嗅覚障害 笠井耳鼻咽喉科クリニック・自由が丘診療室
【質問】
 数年前から、
においを感じなくなり、耳鼻科でもらった蓄膿症の飲み薬と点鼻薬を使うと、においが戻りますが、中止すると1週間ぐらいで、またしなくなります。薬を使ってにおいが戻っても、薬をやめるとまた、しなくなるという繰り返しです。どうして嗅覚障害が起きるのでしょうか。飲み薬と点鼻薬は何の薬なのですか。長期に使って大丈夫なのでしょうか。
【回答】
 においは鼻と口を通って鼻の奥の鼻腔に入り、鼻腔内の天井部分にある嗅粘膜にたどりついて嗅神経を刺激します。その刺激が大脳へ伝えられ、どんな匂いかが認知されます。このルートのいずれの一部分でも不具合があると嗅覚障害が起きます。
嗅覚障害 嗅神経 嗅糸
 ニオイを感じる受容器は、耳鼻咽喉科の通常の鼻鏡検査では視ることが出来ないほど奥の鼻腔天井部にある切手1枚分ほどの嗅上皮と呼ばれる部位にあり、ヒトではここに500万個の嗅細胞が存在します。

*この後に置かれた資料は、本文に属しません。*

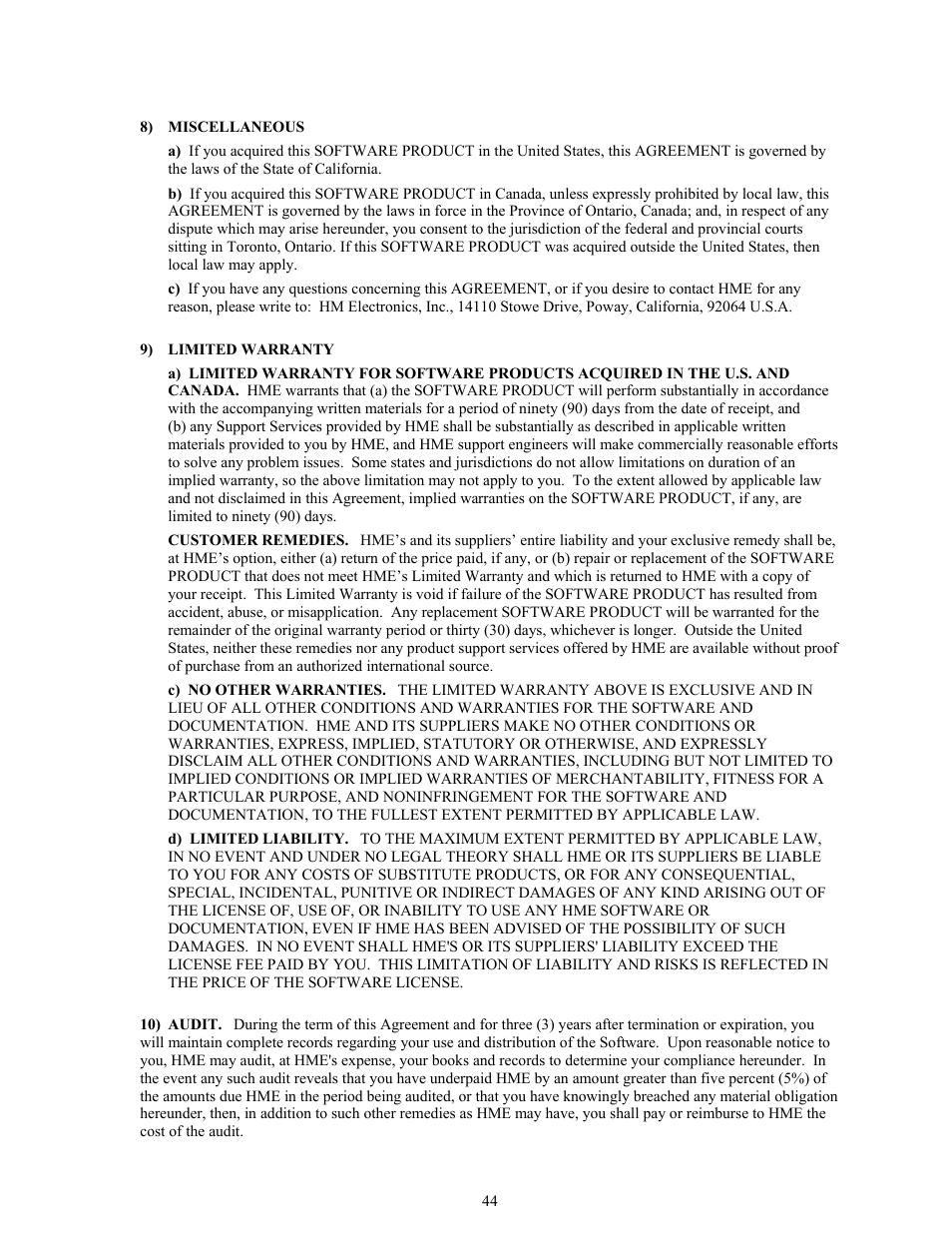 Clear-Com BS850 (Last time buy) User Manual | Page 47 / 48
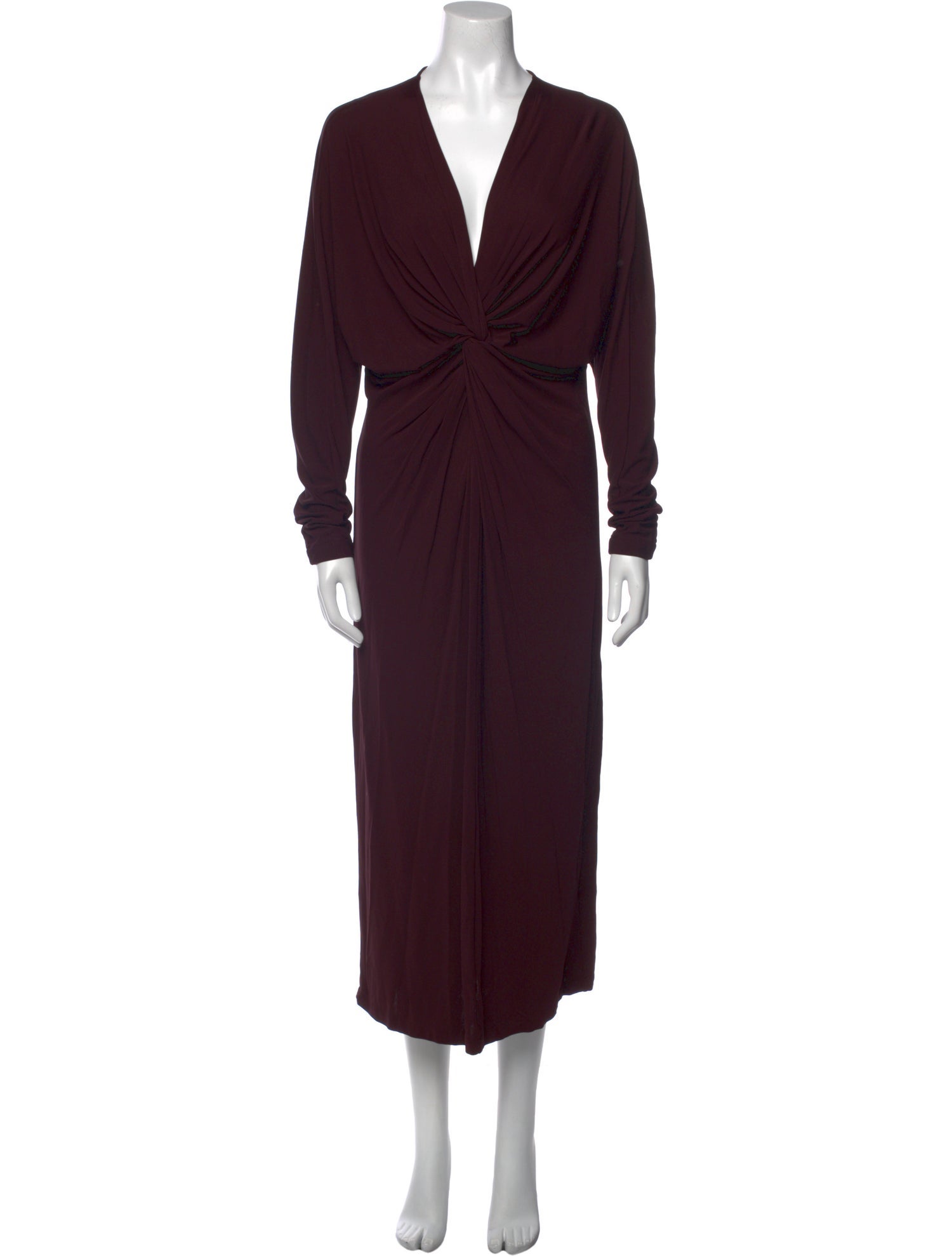 Anine Bing V-Neck Midi Length Dress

嗅覚障害で多いのは鼻づまりや嗅粘膜の障害で、原因の約8割を占めると考えられています。鼻の通りが悪くなって起こるのを
呼吸性の嗅覚障害といい、鼻茸が出来ているために鼻の中がふさがっている場合やアレルギー性鼻炎や肥厚性鼻炎で粘膜が腫れているために鼻呼吸が障害されている場合です。これだけならそれほど重症となりませんが、これに対して嗅粘膜性の嗅覚障害が起こると、嗅覚は著しく減退し、ほとんどゼロになることもあります。代表的なのが慢性の副鼻腔炎(いわゆる蓄膿症)によって起こるもので、呼吸性嗅覚障害と重なっていることが多く、味覚障害を伴っていることもあり、治療にも時間がかかります。気管支喘息に鼻茸と嗅覚障害を伴う副鼻腔炎を合併している方では、アスピリン喘息という病態のことがあり、薬や手術治療に際してだけでなく日常生活上でも思わぬ物質によって喘息発作が誘発されることがあり注意が必要です。他にも交通事故などによる頭部外傷や脳腫瘍、頭蓋内手術等によって嗅神経や中枢神経系が破壊されてしまうことが原因となる神経性の嗅覚障害(中枢性嗅覚障害)があります。また、アルツハイマー病では病初期の段階から中枢性の嗅覚障害が起こることが知られています。中枢神経がやられてしまった方の場合には、匂いの感覚が全く消失して無臭症となることが多く、簡単には戻りません。嗅覚神経が生き残っているかどうかは、ニンニク臭のするアリナミン注射液(いわゆる「ニンニク注射」と称して、スポーツ選手などが疲労回復や体力増強のために行っているものと同じビタミンB1製剤です)を静脈注射することで臭いを感じるかどうかの静脈性嗅覚検査で判断できます。あなたの場合は、においが何度か戻っていることから、副鼻腔炎が原因の嗅粘膜性の嗅覚障害と考えられます。アレルギー性鼻炎やいわゆるカゼ症候群のあとにも同じような嗅覚障害が起きます。耳鼻咽喉科での副鼻腔炎の治療や家庭では「鼻うがい」や「嗅覚トレーニング」も有効な場合があります。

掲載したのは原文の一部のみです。